“No one does that”: Teens and the challenge of teaching consent

 

“That’s not realistic. No one does that,” assessed my (then) 14 year old daughter when she previewed the rough cut of Ask. Listen. Respect., the Action Alliance’s new video to teach teens about consent.

Her comment stung, but she had it exactly right.

We had developed the 1-minute video to be the centerpiece of a new statewide sexual violence prevention messaging campaign. The object: illustrate to young teens a set of concrete examples for how to ask for consent, what enthusiastic verbal consent looks like, and how to respond to “no” respectfully.

The Action Alliance prevention team had decided to focus on consent and negotiation after collaborating with the brilliant minds at Force: Upsetting Rape Culture, who assisted us in conducting a field scan. While the consultants at Force conducted online listening experiments and analyzed the data, we reviewed best practices, consulted with other prevention experts, and held discussion groups with young teens to learn about their lives. The void became clear. Negotiation and consent, two essential building blocks of healthy relationships and (in later, more mature relationships) joyous sexuality, were concepts unfamiliar to young teens.

During the middle and high school years, teens experiment with new identities and new relationships. Every relationship, no matter now short or casual, is a rich learning opportunity that lays the groundwork for future adult relationships. And yet, teaching and talking about the skills necessary to engage in negotiation and ask for consent rarely happens. In my daughter’s words: no one does that.

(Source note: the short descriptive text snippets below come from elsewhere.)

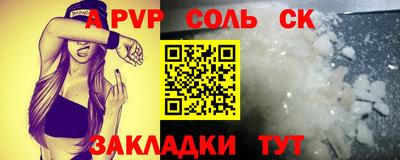 марки lsd Аша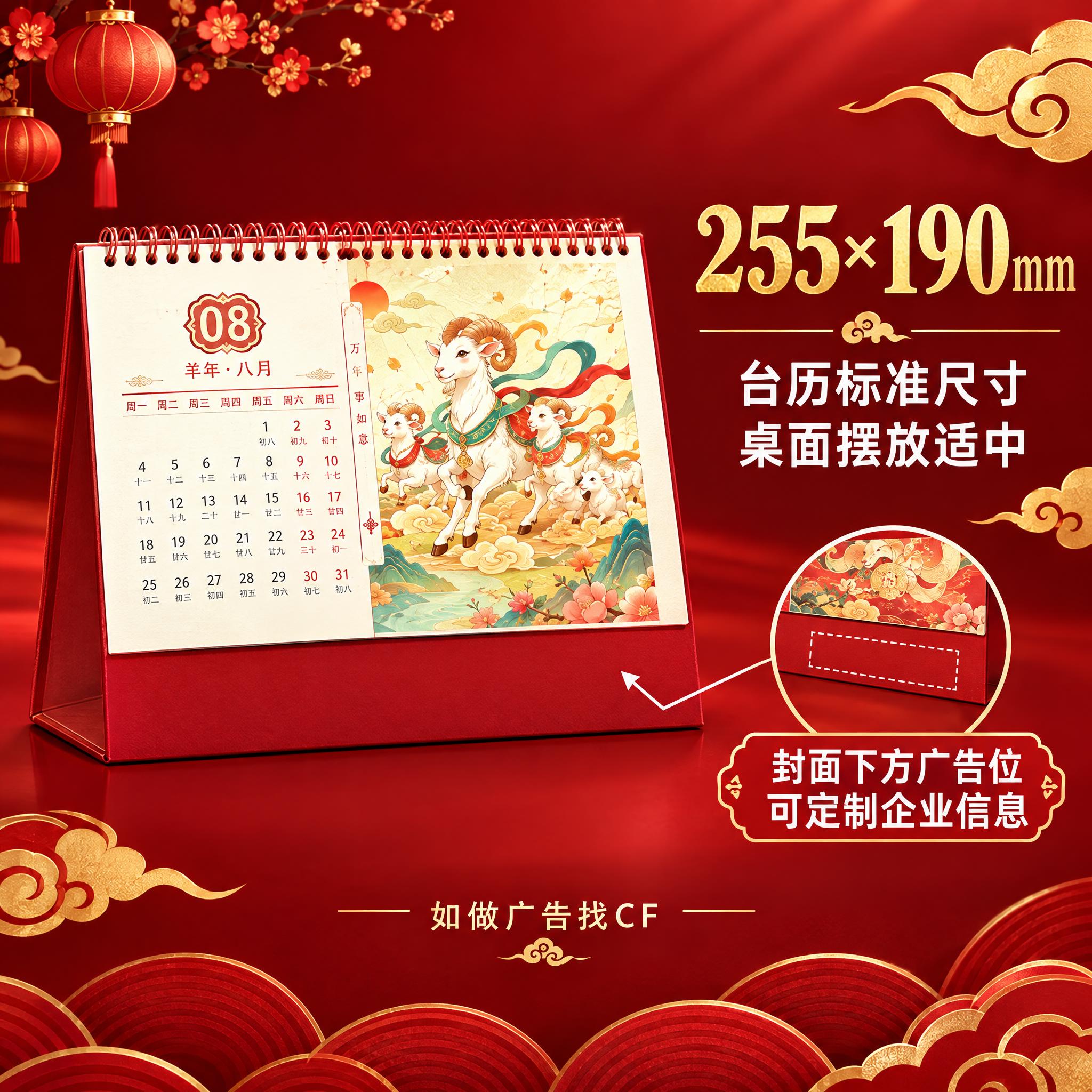生成台历规格信息主图。国潮喜庆红金风格，深红色渐变背景配金色祥… - 图片创意预览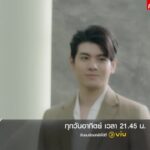 live-รายการ-ลุยชนข่าว-วันที่-1-กรกฎาคม-2569-เวลา-19.00-|-ข่าวช่อง8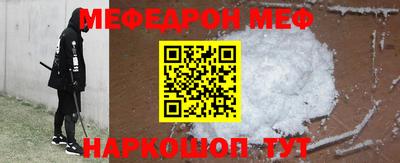 мескалин Апшеронск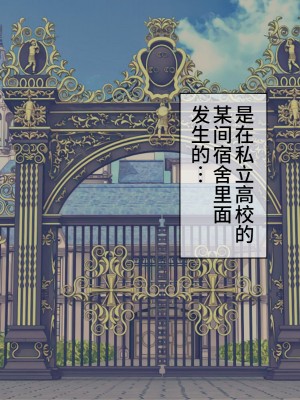 [搾精研究所] 搾精学級(9) ～性格最悪の女子しかいない学校で性的イジメ生活～ [不咕鸟汉化组]_002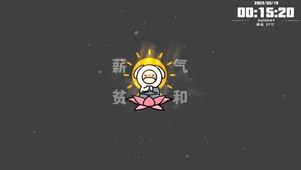 薪贫气和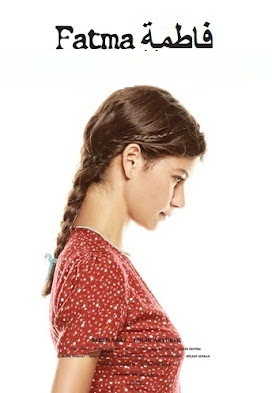 مسلسل فاطمة الموسم الثاني مدبلج HD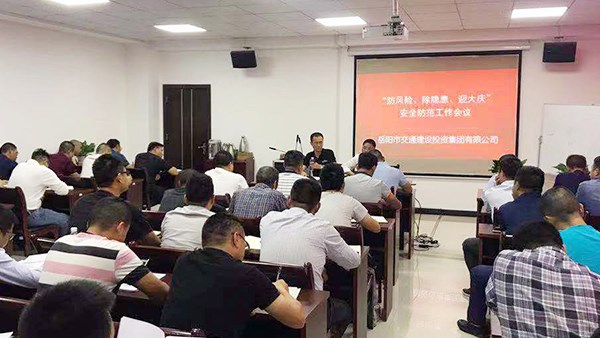 集團(tuán)公司結(jié)合“不忘初心，牢記使命”主題教育活動(dòng)組織召開安全防范工作會(huì)議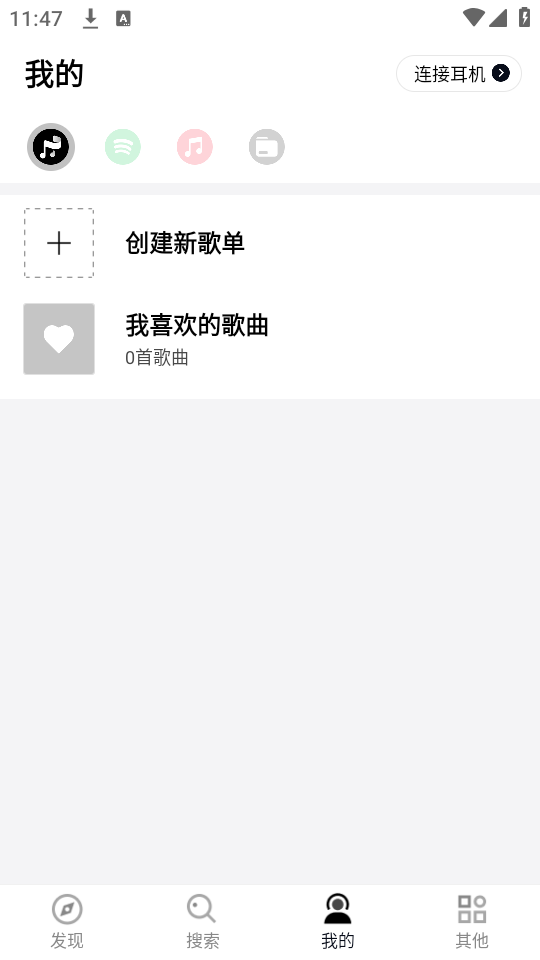 Sling音乐软件 v2.5.1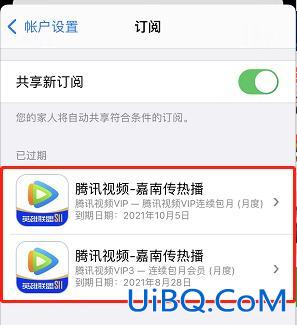 苹果手机腾讯会员怎么关闭自动续费功能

When we asked middle school boys what consent means, here’s what they said:

  • “I’ve never heard that word, like, in a relationship.”
  • “It’s like, you have to have parent’s consent to order that movie, so like permission?”
  • “Talk about it?”
  • “I don’t know I’m as confused as you!”

Perhaps even more concerning: teen boys explained that their friend/partner saying “no” to them was something they took personally. A rejection.

The Ask. Listen. Respect. video speaks simply and directly to young teens. It shows two teens (about 14 years old) practicing consent. They negotiate how they spend time together (“Want to watch a movie”? “Shoot hoops?”), each hearing a “yes” or a “no” respectfully. In the final scene, one teen asks if the other would like to kiss, and the teen responds with an enthusiastic “yes”. As they lean toward one another, the camera pans behind a tree, the scene ends, and the teens voice over: “Don’t worry about it being awkward, just say what you want…and ask first”.

Parent discussion guide COVER
photo from DO YOU discussion guide

We developed two discussion guides to accompany the video and promote conversations about respect, boundaries, and consent: one for parents, the other for facilitators of teen groups. All materials now live on our brand new Teach Consent microsite to make the materials most accessible to parents and facilitators.

The practices of consent and negotiation are essential to equitable, fulfilling relationships, regardless of a person’s age, regardless whether the relationship is romantic or platonic. Where physical intimacy is involved, these skills provide healthy counterweights to our culture’s pervasive narratives that intimacy “just happens”, and that coercion is sexy, while clear communication is not.

Teaching consent debunks the notion that we all magically just know what our partner wants, what feels good, what turns them on.

Where teens are involved, teaching consent and negotiation gives them tools to build empathy, deepen connection and trust, and helps prepare them to be responsible, respectful partners in future relationships.

To be clear: changing individual knowledge and behavior is one piece in the complex and layered puzzle of preventing sexual violence. Larger oppressive cultural forces related to power and agency, for example, shape individual experiences and choices. And while communication and negotiation are everyone’s responsibility, if a person chooses to move forward without getting clear consent from their partner, what follows may veer quickly into coercion and/or assault. The responsibility then lies solely with the person who advances. No one else’s.

Consent is the non-negotiable, bare minimum we should expect from our partners when it comes to physical intimacy. As such, it is one of the first and most essential concepts that should be taught. Precisely because it seems so foreign to teens at an age when they are experimenting with how to relate to their peers, precisely because many teens are entering into their first romantic relationships which set the tones for future relationships. Precisely because, at least at this point in our cultural evolution, “no one does that”.

 

Kate McCord is the Communications Director for the Action Alliance, a member of the Action Alliance prevention team, and a proud, grateful (and sometimes harried) mama of two truly incredible kids.